Glad to hear all went well. See, ur family are not as hopeless as you thought they were ???!?  Mm, well, I bet you were glad you were back after one day anyway!!  Get well soon.


----------



## Kammie (Apr 4, 2009)

How you feeling today Frags? Hope your doing well, haven't seen much of you sine the op.


----------



## Emmiiee (Jan 3, 2010)

i had double hernias done when I was about 6 or 7 and as far as I can remember they heeled quite quick, but then again they gave me too much anasetic, so I was sparko for ages aha x


----------



## srhdufe (Feb 11, 2009)

Get well soon hun x


----------



## Tink82 (Mar 22, 2009)

Ahh glad to hear your ok hun  x


----------



## emzybabe (Jun 30, 2009)

ouch! hope ur making a good recovery frags take it easy xxx


----------



## frags (Feb 5, 2009)

Hey all
Feeling ALOT better, went out for dinner today with my husband and kids and then we went for a walk around a country park. Was a really lovely day and im feeling great! My daughter did my hair and make up and i wore a lovely maxi dress so felt really pretty.

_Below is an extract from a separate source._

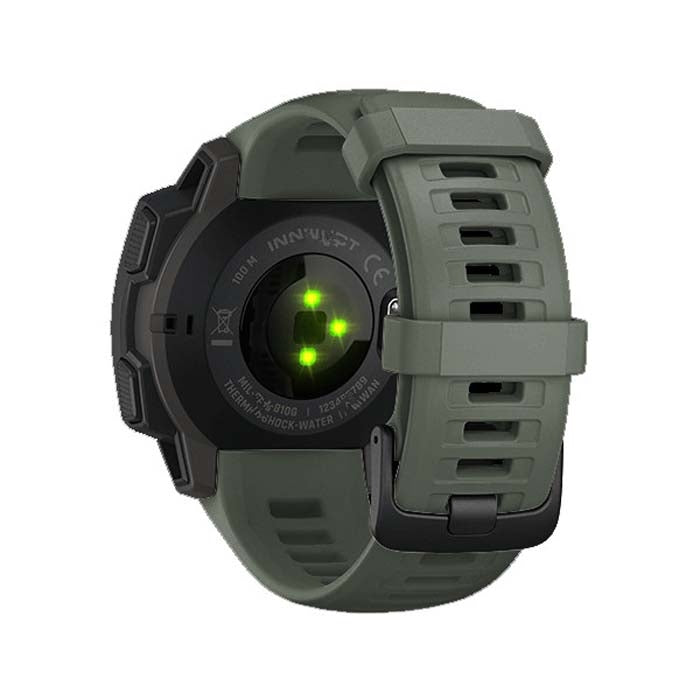 Cinturino in silicone per Garmin Instinct 22 mm, host non incluso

My daughter cleaned all the hutches out yesterday, my 2 girls have been such a help with my buns.


----------



## srhdufe (Feb 11, 2009)

Glad to hear your feeling better x

Bless your girls for helping. I bet they will be well spoilt when you are back on your feet


----------



## umber (Feb 15, 2009)

frags said:


> Hey all
> Feeling ALOT better, went out for dinner today with my husband and kids and then we went for a walk around a country park. Was a really lovely day and im feeling great! My daughter did my hair and make up and i wore a lovely maxi dress so felt really pretty.
> 
> My daughter cleaned all the hutches out yesterday, my 2 girls have been such a help with my buns.

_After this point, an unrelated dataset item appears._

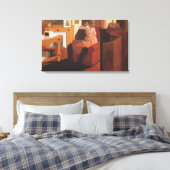 Intimacy Coupes in een interieur met een Canvas Afdruk (Insitu (Slaapkamer))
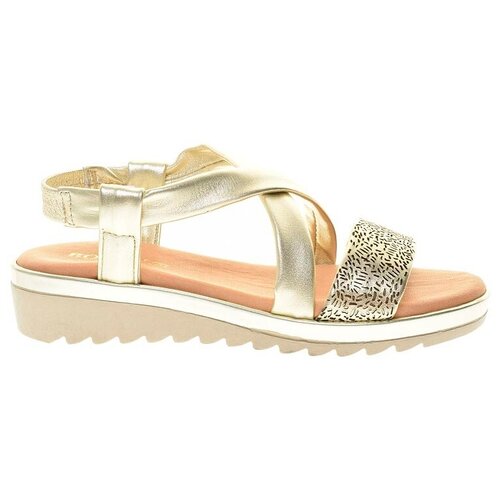 фото Босоножки bonty женские летние, размер 39, цвет золотой, артикул 4936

Glad to hear your feeling better sweety and how lovely of your kids to clean out the buns hope you continue to get better remember to rest up xxx


----------



## hazyreality (Jan 11, 2009)

Glad you are feeling much better Frags  Its good of the girls to be helping out with the buns  Takes the worry away for you and helps you relax more 

I know you are bored but keep resting! Enjoy the break 

*Heidi*


----------